Genealogy Success in Standenbuehl and Roland Geiger Does it Again

With Burgermeister (Village Mayor) Mueller in the former post wagon changing station


Thanks to genealogy research Roland Geiger, who is headquartered in the lovely town of St. Wendel, Saarland, Bill and Gini Packwood were able to break through one of their “Brick Walls” in genealogy and find the origin of their emigrant ancestor, Johann Merkel, of Standenbuehl and later, Stetten in Donnersbergkreis near Kirchheimbolanden, Germany.

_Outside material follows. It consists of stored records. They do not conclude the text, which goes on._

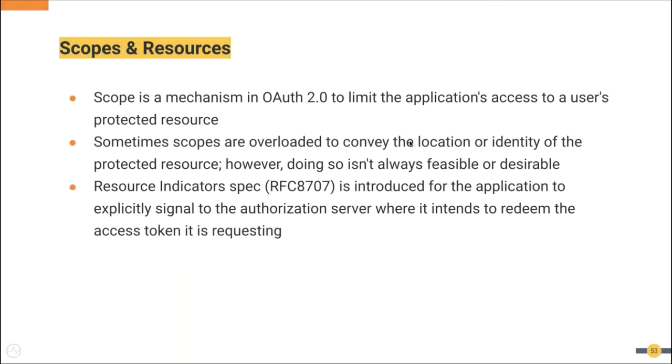First one is scopes and resources. Scope is a mechanism in OAuth 2.0 to limit the application's access to a user's protected API resource. An application can request one or more scopes. This information is presented to the user in the consent screen. The access token issued to the application will be limited to the scopes granted.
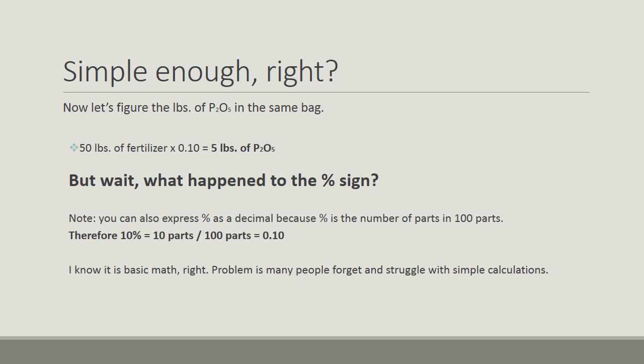As you can see, 10% is 10 parts of 100 parts, or 0.10. Both will give you the same solution. I know this is very basic, but common mistakes can be made each day if we don't keep practicing.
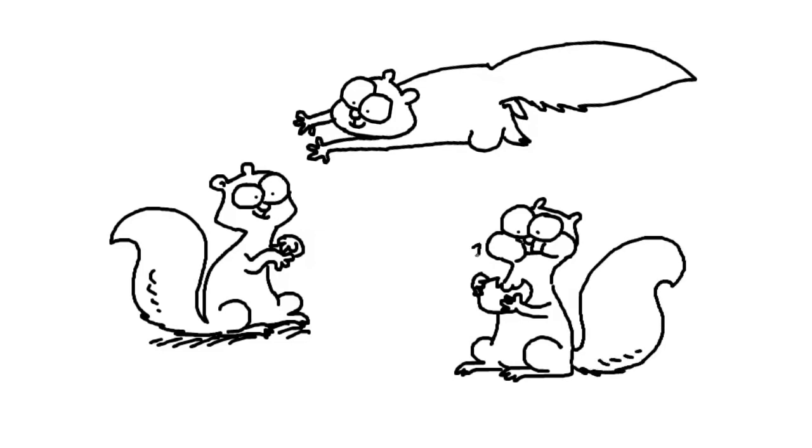Now because he's crunching away, let's do some little bits of nut there. So there you go, that's how I draw squirrels.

Muensterdreisen Jesuit Monastery on the St. James Way near Standenbuehl


We also learned that the influential and larger Muensterdreisen Jesuit Monastery near Standenbuehl, between it and the neighboring village of Dreisen, was a way station for pilgrims following the Way of St. James to the saint’s burial place in Santiago di Compostela, Spain. This pilgrimage road also crosses the locally known “Kaiserstrasse,” or Emperor’s Way, which cuts through the heart of Standenbuehl. We were told by the village mayor that this road was named for the passing of the emperor through this area in the year 1101 on his way to Mainz. Napoleon also used this road as he made his way to Mainz. The post changing station was a highlight of our visit, where Mayor Mueller showed us where the horses would be changed and any repairs done to the carriage before the journey pressed onward. “An average day would be 60-70 kilometers,” the mayor said. That’s 45 miles over rough, unpaved roads. The mayor himself, a man in his early 60s, remembers when Standenbuehl had a main street made of large cobblestones and not the smooth blacktop of today.

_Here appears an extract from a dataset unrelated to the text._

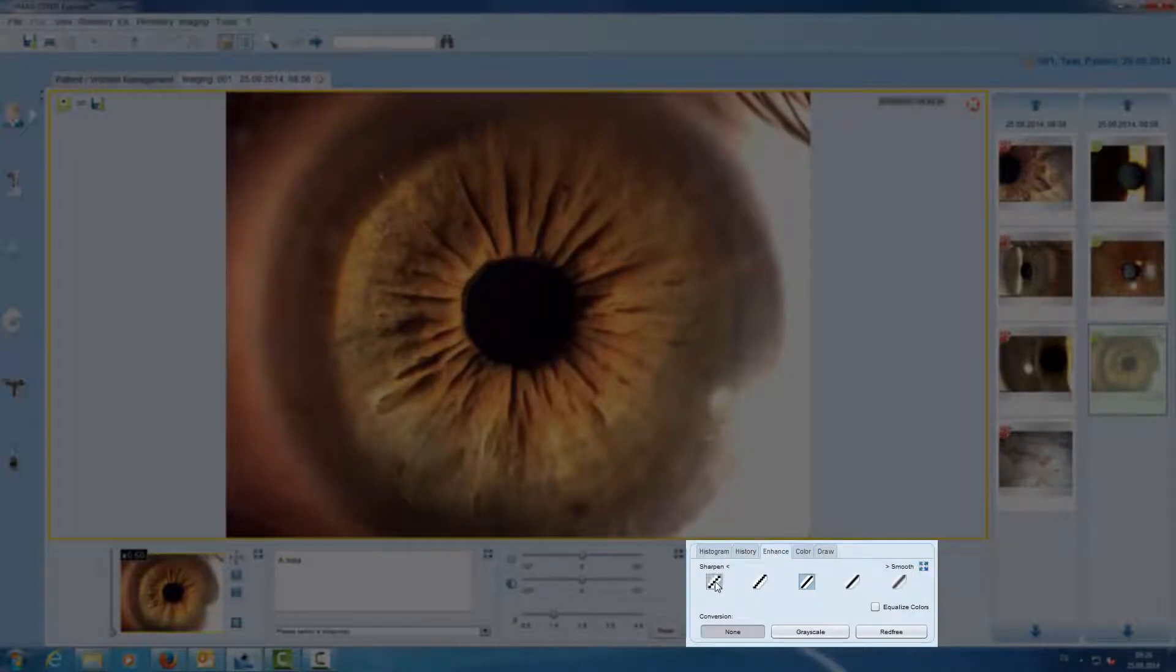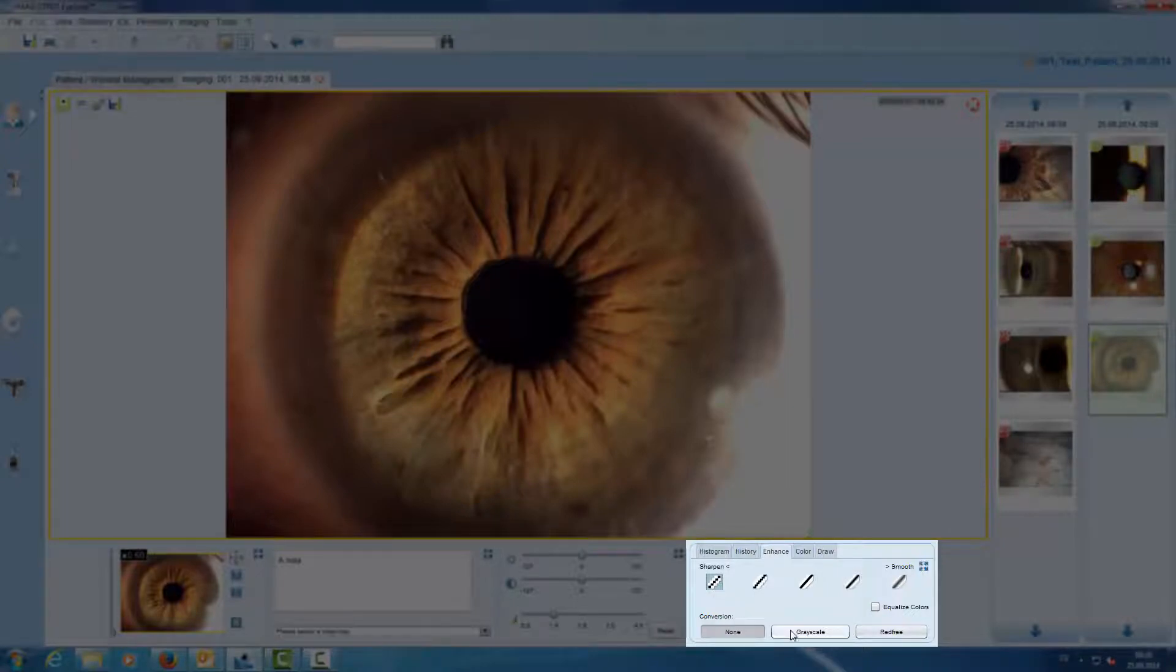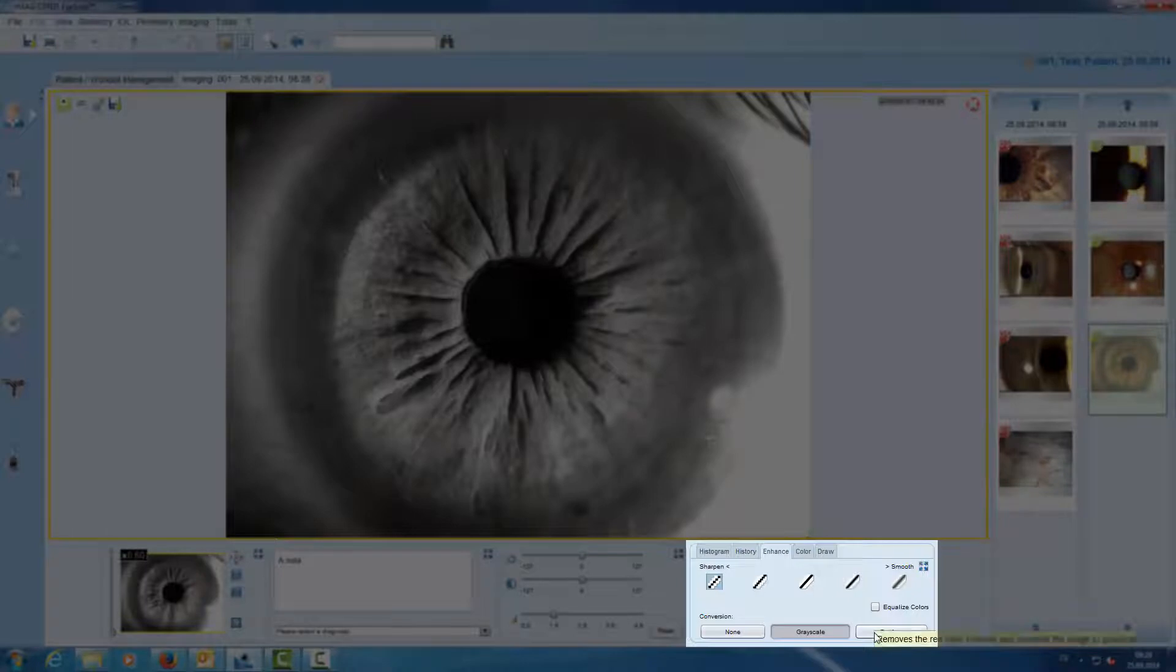With the enhanced tool we can apply different filters, sharpening filters, a grayscale filter, or a red free filter.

Experienced Genealogist Roland Geiger translates Latin into English in a chapel in Weistersweiler, Rheinland Pfalz


The Packwoods are currently enjoying a trip through their ancestral villages with James Derheim, founder of European Focus. With Roland’s help, we were able to not only visit the ancestral “Stammort,” or origin village, but we were able to pinpoint various farms and other properties owned by the Merkel family prior to their emigration in 1844 to Wisconsin.